Explore Silent Sands
Sometimes it’s easy to avoid the crowds: Just head the other direction. In the sand dune country around Mesquite Flat, north of Stovepipe Wells, most hikers march like ants to the area’s high point, an unnamed 100-foot-high dune. Instead of joining the parade, head cross-country from CA 190 to the dune field’s empty east or west ends, tucked into the base of the valley wall. Here, the only tracks disturbing the wind-sculpted sand belong to kangaroo rats, kit foxes, and horned rattlers. Mornings and evenings (when the wind dies down) are the best times to chart your own easy course in the trailless sand; in summer, avoid the dunes’ sole-melting heat (it can be 100°F at 8 a.m.) by striking out during a full moon.
Hike the Valley’s Badlands
Desert wildflowers come and go in early spring (call the hotline below to catch them), but badlands are forever. Actually, badlands is an insult to Death Valley’s colorful, wildly shaped landscape of sand, clay, and rock. The five-mile Golden Canyon/Gower Gulch Loop (park two miles south of Furnace Creek) winds through rippled sandstone walls formed 10 million years ago, when shallow lakes covered the region. Take the half-mile detour to Red Cathedral’s crimson cliffs, then resume the loop to the base of Manly Beacon, a rocky perch in the center of dusky folds undulating out in every direction. Return via Gower Gulch, slicing through the Artist’s Palette formation of pink, red, green, and blue.

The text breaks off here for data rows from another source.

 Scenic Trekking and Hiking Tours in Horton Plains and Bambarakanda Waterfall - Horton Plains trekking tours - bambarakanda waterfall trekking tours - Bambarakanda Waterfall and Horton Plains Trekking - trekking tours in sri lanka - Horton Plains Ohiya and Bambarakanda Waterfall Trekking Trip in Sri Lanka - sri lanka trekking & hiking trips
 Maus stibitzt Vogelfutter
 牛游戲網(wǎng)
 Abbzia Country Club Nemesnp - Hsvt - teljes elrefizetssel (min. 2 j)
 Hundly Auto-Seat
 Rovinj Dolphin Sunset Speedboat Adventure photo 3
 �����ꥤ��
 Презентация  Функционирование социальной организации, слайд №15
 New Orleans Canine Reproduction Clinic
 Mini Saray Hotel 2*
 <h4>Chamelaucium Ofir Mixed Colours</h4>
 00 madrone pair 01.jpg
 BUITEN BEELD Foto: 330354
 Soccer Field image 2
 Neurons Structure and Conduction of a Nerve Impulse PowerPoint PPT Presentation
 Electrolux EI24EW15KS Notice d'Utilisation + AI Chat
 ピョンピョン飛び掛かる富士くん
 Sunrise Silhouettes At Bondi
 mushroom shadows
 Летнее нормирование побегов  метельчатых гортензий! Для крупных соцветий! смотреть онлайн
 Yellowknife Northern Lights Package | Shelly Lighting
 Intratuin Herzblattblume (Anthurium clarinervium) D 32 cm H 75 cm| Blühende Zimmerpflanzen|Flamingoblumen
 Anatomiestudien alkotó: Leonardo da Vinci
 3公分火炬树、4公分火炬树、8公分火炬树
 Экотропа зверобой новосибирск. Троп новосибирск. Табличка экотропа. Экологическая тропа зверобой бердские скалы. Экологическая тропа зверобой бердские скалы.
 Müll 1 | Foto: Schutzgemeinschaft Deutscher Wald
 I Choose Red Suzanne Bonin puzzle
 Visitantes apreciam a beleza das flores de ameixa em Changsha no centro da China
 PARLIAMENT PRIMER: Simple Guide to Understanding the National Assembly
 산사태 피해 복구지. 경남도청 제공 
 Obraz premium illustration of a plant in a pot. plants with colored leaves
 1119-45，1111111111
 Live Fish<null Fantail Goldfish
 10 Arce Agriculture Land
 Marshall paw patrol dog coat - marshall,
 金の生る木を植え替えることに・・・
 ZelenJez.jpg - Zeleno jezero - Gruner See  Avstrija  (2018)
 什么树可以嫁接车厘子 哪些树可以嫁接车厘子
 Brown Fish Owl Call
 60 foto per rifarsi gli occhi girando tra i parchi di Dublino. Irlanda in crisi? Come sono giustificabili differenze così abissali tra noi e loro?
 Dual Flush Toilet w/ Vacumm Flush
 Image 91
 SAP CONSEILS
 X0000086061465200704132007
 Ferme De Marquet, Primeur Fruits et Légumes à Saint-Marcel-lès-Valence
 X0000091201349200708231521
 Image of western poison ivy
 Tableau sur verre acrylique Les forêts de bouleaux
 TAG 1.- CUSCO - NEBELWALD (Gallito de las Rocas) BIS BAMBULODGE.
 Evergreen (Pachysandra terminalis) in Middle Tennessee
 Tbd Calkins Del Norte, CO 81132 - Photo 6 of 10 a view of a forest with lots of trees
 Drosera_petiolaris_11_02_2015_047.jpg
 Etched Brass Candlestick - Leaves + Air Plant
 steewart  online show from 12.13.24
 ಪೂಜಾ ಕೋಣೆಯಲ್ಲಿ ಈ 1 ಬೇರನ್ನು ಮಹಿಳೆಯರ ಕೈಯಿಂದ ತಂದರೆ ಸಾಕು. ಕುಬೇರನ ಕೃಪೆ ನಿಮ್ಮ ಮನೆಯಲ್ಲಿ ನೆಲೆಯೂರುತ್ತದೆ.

Escape to High, Cool Peaks
In midsummer, when the valley floor sizzles at 120°F, Death Valley’s summits average 40 degrees cooler. Scale the Panamint Mountains’ 9,064-foot Wildrose Peak, where the view encompasses the Lower 48’s highest and lowest points (14,505-foot Mt. Whitney and minus-282-foot Badwater Basin, respectively). The 8.4-mile round-trip begins at Wildrose Campground. The first mile traces an old roadbed through piñon-juniper forest, then scales an open ridgeline for 2.2 miles. The 2,200-foot climb tops out on a rocky grandstand overlooking immense plains framed by spiky mountain ranges. Hike up high in early spring, and you’ll get a bird’s-eye view of hundreds of square miles of wildflowers.